Before anyone decides I'm being too hard on our new friend Rep. DeBose, let me offer full disclosure. Before an armed carjacker attacked my wife's father - a concealed handgun permit-holder from Tennessee - I was of the same mind DeBose was - well, sort of.
No, I was never, ever anti-gun. But I was also by no means an advocate for the right to carry, nor had I taken any steps to protect myself or my loved ones from a potential attack. Not until my father-in-law was forced to defend himself from a teenager armed with a stolen firearm, and wanted for homicide, was I forced to confront the fact that had it happened to me, I would have been killed, or would have been unable to protect my wife.
Whether quirk of human nature or a product of American culture, we are all to quick to convince ourselves that "it will never happen to me". But as Rep. DeBose found out the hard way on May 1, it can:
It was late, but DeBose, 51, was restless.

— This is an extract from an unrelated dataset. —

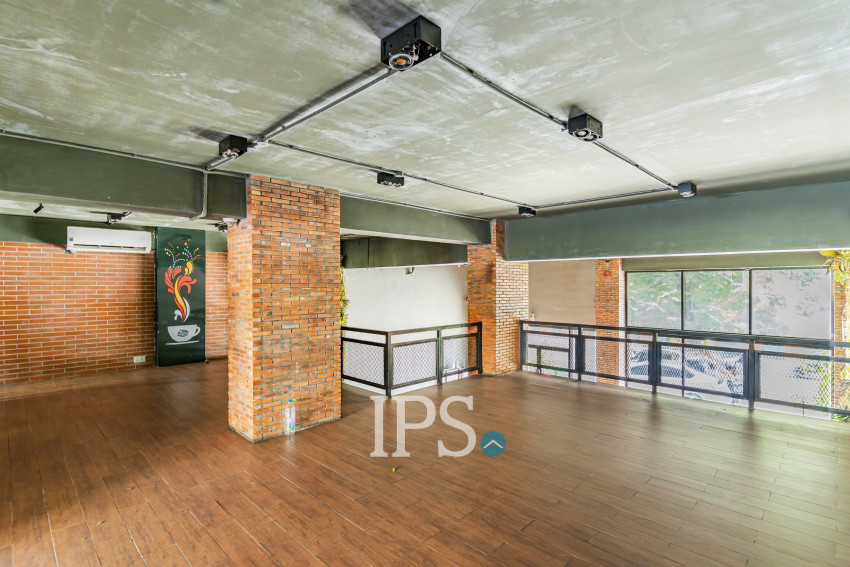 8 Bedroom Double Shophouse For Rent - Veal Vong, Phnom Penh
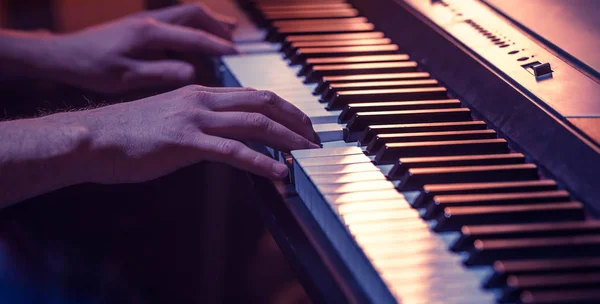 Manliga Händer Pianotangenter Närbild Vacker Färgglad Bakgrund Begreppet Musikalisk Verksamhet — Stockfoto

The ordained Baptist minister knew his Lee-Harvard neighborhood was changing, but he wasn't scared. The idle, young men who sometimes hang out on his and adjacent streets didn't threaten him. He is a big man and, besides, he had run the same streets before he found Jesus - and a wife. That night, he just needed a walk.
The loud muffler on a car that slowly passed as he was finishing the walk caught his attention, though. When the car stopped directly in front of his house - three houses from where he stood - he knew there was going to be a problem.
"There was a tall one and a short one," DeBose said, sipping on a McDonald's milkshake and recounting the experience Friday.
"The tall one reached in his pocket and pulled out a silver gun. And they both started running towards me."
"At first I just backed up, but then I turned around and started running and screaming."
Morris goes on to recount how DeBose was chased by the armed "boy", who was eventually scared off when DeBose managed to draw the attention of neighbors by banging on a neighbor lady's door.
The loud muffler sped off, and DeBose started rethinking his gun vote. DeBose twice voted against a measure to allow Ohioans to carry concealed weapons. It became law in 2004.
DeBose voted his conscience. He feared that CCW permits would lead to a massive influx of new guns in the streets and a jump in gun violence. He feared that Cleveland would become the O.K. Corral, patrolled by legions of freshly minted permit holders.
"I was wrong," he said Friday.
"I'm going to get a permit and so is my wife.
"I've changed my mind. You need a way to protect yourself and your family.
"I don't want to hurt anyone. But I never again want to be in the position where I'm approached by someone with a gun and I don't have one."
Many others, at the moment they are made victims of violence, have the same realization Rep. DeBose had. Tragically, however, they don't always live to get a second chance. Rep. DeBose has been blessed not only with the gift to keep on living, but with an opportunity to make up for his votes against the right to choose to bear arms for self-defense.
And he's making up for lost time - echoing some of the exact same arguments I'm certain he's heard from constitients he formerly shunned:
DeBose said he knows that a gun doesn't solve Cleveland's violence problem; it's merely a street equalizer. "There are too many people who are just evil and mean-spirited. They will hurt you for no reason. If more people were packing guns, it might serve as a deterrent.
"But there obviously are far deeper problems that we need to address," he added...
Columnist Philip Morris concludes with this:
"They say the definition of a conservative is a liberal who has been mugged. DeBose's CCW application will bear some witness to that notion."
The volunteers at Buckeye Firearms Association look forward to working with Rep. DeBose, and with any other urban politicians who have, until now, taken the same "it won't happen to me" approach to gun rights as he and I once made the mistake of doing.
Together, we can truly take steps to protect our most vulnerable citizens.